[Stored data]
--- START ---
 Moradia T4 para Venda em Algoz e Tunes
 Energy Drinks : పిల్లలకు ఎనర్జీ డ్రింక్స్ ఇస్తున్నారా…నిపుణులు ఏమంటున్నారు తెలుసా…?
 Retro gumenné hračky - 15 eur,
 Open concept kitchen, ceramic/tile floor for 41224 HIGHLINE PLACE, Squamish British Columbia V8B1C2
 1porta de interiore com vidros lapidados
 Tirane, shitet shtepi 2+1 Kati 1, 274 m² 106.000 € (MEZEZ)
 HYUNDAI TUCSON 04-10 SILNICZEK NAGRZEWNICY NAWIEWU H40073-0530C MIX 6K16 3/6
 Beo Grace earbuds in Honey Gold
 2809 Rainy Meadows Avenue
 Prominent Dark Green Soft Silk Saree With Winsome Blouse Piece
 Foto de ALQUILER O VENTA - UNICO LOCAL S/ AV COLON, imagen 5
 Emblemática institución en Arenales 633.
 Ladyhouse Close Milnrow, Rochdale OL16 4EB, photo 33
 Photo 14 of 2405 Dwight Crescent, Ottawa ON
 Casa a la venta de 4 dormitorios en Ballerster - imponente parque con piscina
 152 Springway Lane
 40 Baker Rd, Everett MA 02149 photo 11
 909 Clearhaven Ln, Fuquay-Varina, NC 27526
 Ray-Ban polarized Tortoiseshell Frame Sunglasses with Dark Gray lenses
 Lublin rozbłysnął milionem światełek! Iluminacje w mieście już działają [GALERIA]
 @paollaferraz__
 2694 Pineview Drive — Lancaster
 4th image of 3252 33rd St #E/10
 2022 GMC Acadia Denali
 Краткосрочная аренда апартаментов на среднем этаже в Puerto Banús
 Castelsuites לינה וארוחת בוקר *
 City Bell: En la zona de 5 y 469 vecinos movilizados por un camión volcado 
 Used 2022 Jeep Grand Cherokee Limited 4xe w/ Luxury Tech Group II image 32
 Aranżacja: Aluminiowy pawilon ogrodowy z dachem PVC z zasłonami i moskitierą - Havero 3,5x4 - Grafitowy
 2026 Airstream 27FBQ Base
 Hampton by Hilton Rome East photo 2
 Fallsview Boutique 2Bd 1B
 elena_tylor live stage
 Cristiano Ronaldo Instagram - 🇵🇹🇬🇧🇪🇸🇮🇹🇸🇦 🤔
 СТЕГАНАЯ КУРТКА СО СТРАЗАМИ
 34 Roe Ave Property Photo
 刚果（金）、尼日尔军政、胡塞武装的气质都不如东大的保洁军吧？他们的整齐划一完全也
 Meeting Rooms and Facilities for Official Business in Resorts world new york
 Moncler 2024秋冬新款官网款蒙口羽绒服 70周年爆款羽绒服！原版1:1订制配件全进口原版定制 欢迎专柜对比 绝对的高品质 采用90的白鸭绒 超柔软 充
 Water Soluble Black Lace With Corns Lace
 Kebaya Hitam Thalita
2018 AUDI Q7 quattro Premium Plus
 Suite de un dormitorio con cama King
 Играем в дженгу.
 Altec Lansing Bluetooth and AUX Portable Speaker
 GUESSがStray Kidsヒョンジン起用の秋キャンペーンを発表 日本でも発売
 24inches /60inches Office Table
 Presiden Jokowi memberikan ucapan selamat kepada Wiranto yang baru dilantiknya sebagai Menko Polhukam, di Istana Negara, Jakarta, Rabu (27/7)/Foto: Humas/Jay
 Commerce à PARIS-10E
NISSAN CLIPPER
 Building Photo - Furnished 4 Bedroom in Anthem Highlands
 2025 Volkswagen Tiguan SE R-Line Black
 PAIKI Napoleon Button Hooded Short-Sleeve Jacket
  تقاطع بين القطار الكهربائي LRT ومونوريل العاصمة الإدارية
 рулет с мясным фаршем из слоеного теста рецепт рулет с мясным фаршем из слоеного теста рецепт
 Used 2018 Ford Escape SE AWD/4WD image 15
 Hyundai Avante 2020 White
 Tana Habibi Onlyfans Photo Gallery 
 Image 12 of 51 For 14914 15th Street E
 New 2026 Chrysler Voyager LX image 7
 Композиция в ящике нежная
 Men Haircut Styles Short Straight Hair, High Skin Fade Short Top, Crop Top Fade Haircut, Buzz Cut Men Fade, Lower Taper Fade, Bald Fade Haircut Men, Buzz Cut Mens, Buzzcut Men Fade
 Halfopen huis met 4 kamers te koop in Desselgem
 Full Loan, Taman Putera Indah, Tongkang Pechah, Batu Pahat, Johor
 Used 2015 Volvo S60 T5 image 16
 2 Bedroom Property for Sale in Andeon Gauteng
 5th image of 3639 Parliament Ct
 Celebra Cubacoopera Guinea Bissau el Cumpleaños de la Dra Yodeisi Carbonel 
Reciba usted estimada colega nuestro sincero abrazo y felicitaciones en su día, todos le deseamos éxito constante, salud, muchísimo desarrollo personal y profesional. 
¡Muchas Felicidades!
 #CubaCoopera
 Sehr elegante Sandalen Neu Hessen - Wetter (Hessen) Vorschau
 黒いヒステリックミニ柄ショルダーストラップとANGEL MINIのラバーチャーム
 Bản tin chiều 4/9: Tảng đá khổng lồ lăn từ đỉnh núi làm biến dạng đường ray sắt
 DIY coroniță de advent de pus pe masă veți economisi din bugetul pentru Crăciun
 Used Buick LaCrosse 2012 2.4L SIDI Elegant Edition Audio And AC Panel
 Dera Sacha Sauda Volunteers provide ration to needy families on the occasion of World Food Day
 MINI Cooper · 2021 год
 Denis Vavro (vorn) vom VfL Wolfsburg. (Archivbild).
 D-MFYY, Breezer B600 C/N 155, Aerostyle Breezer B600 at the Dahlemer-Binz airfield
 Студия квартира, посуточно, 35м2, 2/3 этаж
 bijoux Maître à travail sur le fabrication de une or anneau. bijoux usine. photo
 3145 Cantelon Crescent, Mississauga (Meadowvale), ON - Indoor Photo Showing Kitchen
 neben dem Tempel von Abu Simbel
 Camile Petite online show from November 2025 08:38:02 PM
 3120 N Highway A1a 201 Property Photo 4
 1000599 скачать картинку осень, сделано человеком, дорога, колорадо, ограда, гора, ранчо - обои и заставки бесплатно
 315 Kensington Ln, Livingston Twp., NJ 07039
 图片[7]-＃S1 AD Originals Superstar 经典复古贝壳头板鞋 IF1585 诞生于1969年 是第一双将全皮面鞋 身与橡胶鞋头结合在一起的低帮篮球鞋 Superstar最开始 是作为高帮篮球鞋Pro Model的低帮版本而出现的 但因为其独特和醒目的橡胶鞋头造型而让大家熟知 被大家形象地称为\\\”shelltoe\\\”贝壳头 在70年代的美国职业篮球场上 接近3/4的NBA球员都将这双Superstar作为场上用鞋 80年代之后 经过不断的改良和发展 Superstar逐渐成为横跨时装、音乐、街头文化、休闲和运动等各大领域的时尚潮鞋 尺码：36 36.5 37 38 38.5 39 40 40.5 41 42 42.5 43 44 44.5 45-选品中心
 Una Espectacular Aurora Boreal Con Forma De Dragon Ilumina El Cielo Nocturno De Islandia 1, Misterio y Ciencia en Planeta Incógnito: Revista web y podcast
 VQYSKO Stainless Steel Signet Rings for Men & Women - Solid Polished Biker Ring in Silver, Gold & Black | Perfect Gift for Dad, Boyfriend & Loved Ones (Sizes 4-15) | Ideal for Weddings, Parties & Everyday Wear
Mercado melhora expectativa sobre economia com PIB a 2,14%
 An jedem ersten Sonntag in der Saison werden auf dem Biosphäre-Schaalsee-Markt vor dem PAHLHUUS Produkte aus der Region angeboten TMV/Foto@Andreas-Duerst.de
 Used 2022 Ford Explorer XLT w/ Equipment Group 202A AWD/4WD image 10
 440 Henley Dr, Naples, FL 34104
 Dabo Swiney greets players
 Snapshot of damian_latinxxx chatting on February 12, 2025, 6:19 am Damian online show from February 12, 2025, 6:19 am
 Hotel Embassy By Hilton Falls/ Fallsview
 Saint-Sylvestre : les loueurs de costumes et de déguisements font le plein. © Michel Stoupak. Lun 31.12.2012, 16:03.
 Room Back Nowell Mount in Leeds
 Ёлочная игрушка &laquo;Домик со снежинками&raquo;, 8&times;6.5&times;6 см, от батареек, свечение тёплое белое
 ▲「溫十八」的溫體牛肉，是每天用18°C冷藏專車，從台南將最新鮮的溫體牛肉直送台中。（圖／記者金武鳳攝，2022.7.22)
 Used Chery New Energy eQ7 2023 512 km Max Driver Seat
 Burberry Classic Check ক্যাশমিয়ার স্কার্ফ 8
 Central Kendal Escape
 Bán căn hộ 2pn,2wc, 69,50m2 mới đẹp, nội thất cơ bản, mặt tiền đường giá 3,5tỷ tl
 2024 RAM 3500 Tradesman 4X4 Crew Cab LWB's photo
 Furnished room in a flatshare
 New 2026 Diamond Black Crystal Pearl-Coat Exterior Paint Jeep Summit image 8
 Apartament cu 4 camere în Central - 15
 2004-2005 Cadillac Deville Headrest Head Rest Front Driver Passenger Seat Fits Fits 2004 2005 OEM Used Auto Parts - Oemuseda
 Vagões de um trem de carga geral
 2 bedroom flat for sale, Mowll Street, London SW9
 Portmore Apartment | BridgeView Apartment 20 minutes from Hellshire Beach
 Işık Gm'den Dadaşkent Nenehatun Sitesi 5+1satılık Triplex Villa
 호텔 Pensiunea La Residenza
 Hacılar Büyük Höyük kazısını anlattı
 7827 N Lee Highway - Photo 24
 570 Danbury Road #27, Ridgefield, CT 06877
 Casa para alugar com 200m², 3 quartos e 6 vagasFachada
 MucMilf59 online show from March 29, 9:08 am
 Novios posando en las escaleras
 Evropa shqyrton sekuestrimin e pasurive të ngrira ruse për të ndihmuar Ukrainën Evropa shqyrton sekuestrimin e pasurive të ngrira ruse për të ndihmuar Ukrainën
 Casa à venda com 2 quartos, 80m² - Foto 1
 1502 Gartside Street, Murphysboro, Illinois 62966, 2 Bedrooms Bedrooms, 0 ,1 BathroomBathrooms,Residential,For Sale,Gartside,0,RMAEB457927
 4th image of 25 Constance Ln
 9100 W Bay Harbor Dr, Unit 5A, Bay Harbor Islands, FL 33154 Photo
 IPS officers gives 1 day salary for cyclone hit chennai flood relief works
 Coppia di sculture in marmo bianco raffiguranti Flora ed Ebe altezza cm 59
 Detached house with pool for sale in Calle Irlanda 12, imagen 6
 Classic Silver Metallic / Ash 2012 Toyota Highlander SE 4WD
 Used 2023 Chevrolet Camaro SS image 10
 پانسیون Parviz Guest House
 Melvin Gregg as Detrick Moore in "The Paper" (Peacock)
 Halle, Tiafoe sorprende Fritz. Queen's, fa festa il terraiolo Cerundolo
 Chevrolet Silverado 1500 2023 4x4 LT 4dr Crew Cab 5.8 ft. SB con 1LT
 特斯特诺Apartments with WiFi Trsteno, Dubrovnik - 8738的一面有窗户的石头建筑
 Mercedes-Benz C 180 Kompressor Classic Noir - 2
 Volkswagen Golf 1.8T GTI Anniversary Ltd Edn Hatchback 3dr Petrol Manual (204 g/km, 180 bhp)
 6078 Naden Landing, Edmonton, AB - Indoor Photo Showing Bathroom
--- END ---
What the exercise asks> Restate word for word the lines of the data above, starting at the line containing "Lublin rozbłysnął milionem" and ending at the line containing "Краткосрочная аренда апартаментов", both included, and nothing more.

Exercise answer>
 Lublin rozbłysnął milionem światełek! Iluminacje w mieście już działają [GALERIA]
 @paollaferraz__
 2694 Pineview Drive — Lancaster
 4th image of 3252 33rd St #E/10
 2022 GMC Acadia Denali
 Краткосрочная аренда апартаментов на среднем этаже в Puerto Banús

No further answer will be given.